From the spiritual viewpoint there is nothing at all real
but Spirit; and matter is regarded as the most fleeting and
unreal of all illusory appearances. From the same viewpoint,
the higher in the scale one rises above the material plane,
the more real becomes the phenomena experienced. Therefore,
it follows, that the experiences of the soul on the higher
Astral Plane are not only not unreal in nature, but, by
comparison, are far more real than the experiences of life
on the material plans. As the writers just quoted have well
said, Nature is not cheated on the Astral Plane - but Nature
herself manifests with more real effect on that plane than
on the material plane. This is a hard saying for the
uninitiated - but the advanced soul becomes more and more
convinced of its truth every succeeding hour of its
experience.
It is a grievous error to regard the experiences of
the soul in the heaven-world as little more than a playing
at reality, as some materialistic critics has termed it. One
has but to turn to the experiences even of the earth-life to
see that some of the world's best work is performed in the
hours other than those employed in the actual fashioning of
the things. There are times in the everyday life of
the most active workers of the world which may be called the
ideal period - that is, the time in which the mind creates
and forms that which is afterward manifested in material
form. There has never been a building, nor a bridge, nor any
other great work of human hands, erected, unless first it
has been created in the mind of some man or men. It has had
its first existence in the creative faculties of the mind-
the material building is merely the reproduction of the
mental creation.
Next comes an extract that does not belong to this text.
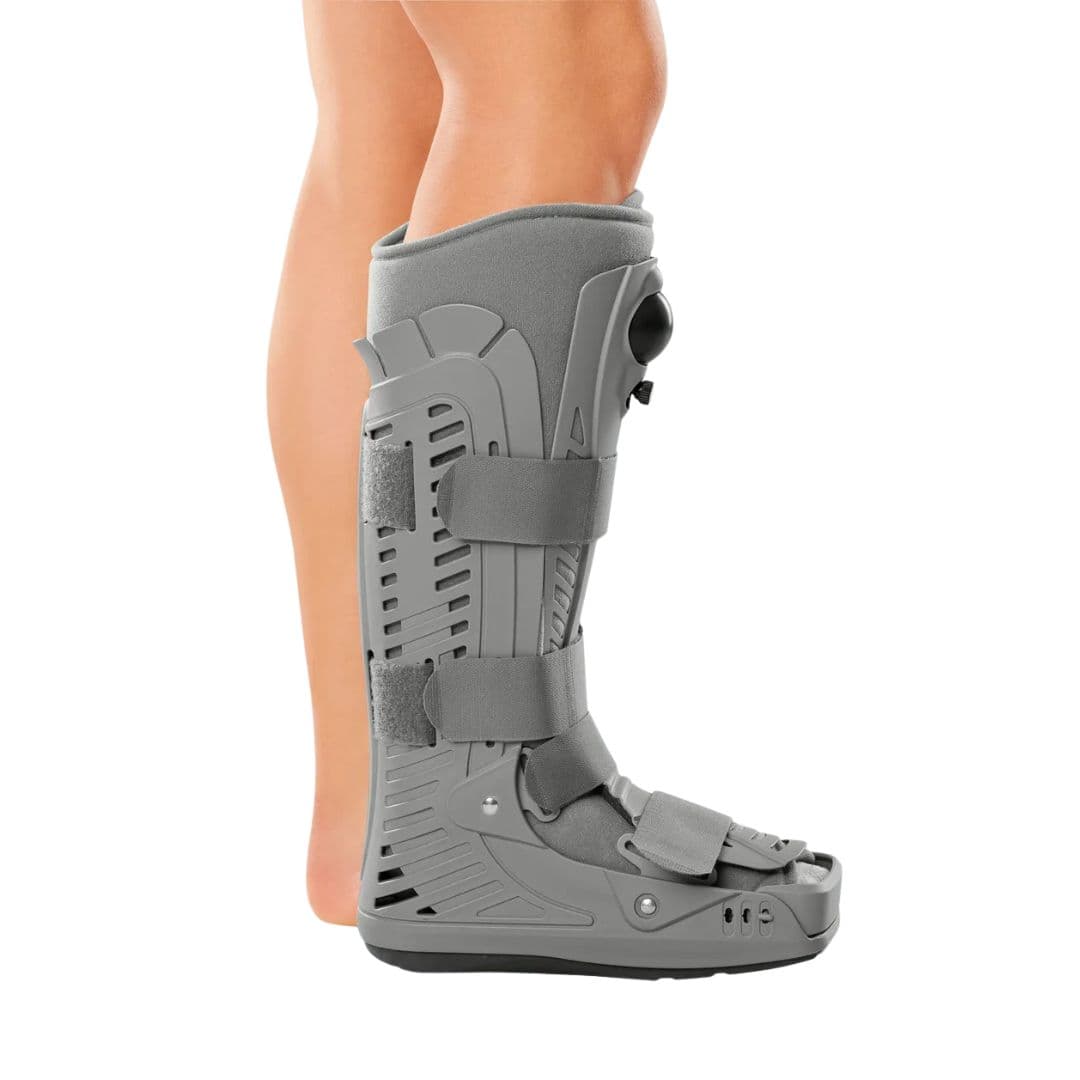 Bota insuflável cat walker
This, being remembered, which shall we
consider the real creation, the mental or the material?
The soul, in its activities on the higher Astral
Plane, performs a work similar to that of the mind of the
inventor, designer, builder, when it fashions and designs
that which will afterward be objectified in material form.
It may be called the period or stage of forming the model,
or pattern, or mould, which shall afterward serve for the
material manifestation. Ignorance, alone, can conceive of
such a stage of existence as being a mere dream.
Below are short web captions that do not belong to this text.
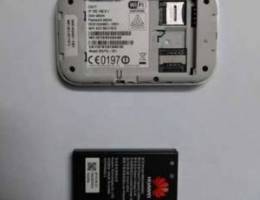 Huawei 4g device with big battery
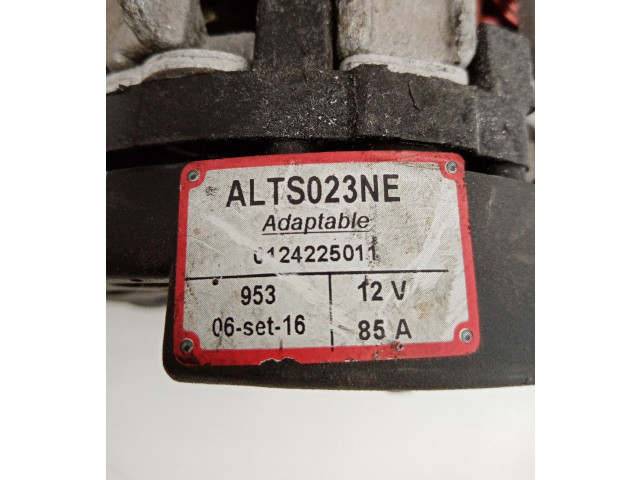 Генератор ALTS023NE, 0124225011 Rover 45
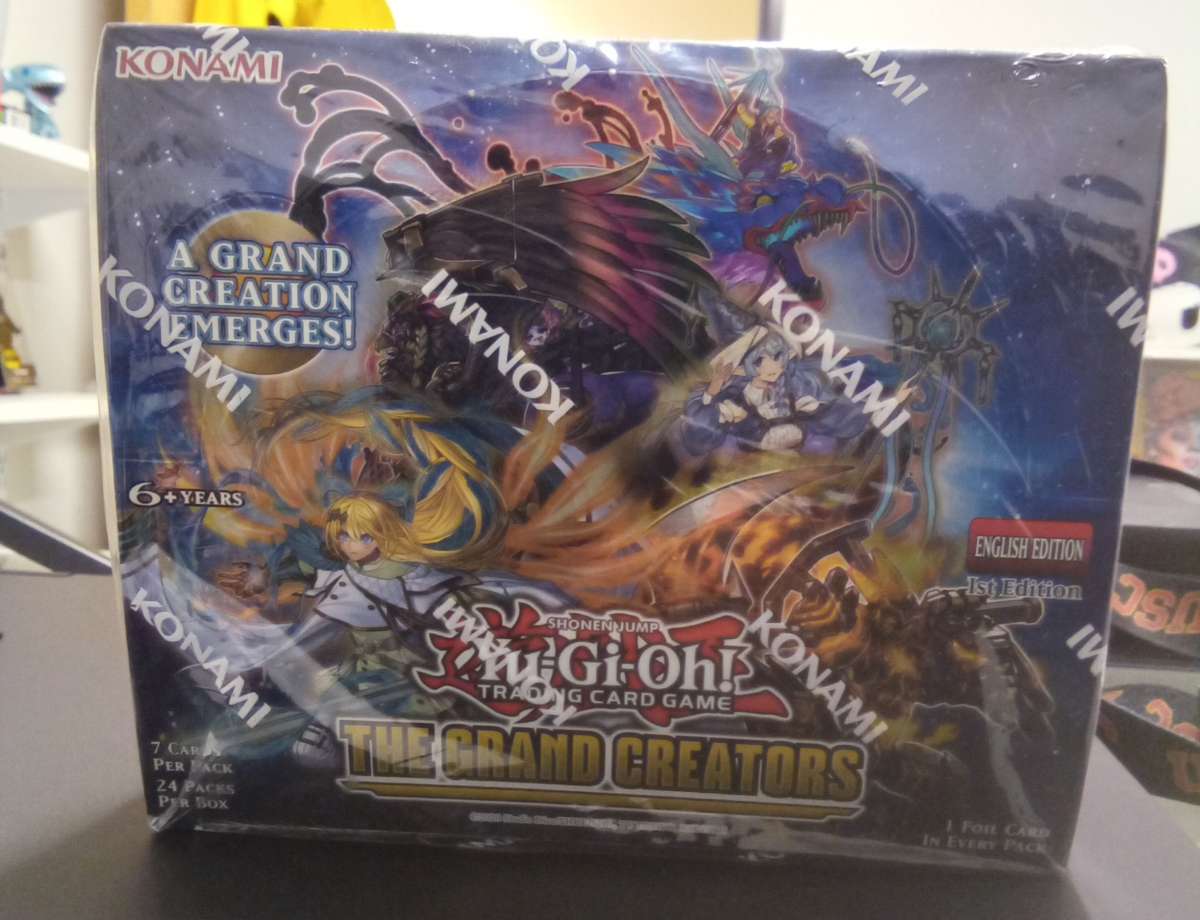 YuGiOh Trading Card Game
Verily, the scales of matter serve to blind the eyes
of man, so that he sees the real as the unreal- the unreal
as the real. The higher in the scale of existence the soul
rises, the more real are its experiences- the nearer it
approaches matter, in its descent of the scale, the more
unreal are its experiences. Ah, Maya! Maya! thou mother of
illusion, when shall we learn to rise above thy spell! Those
who play in the clay, are besmeared by it, and can see
nothing finer and higher than its sticky substance.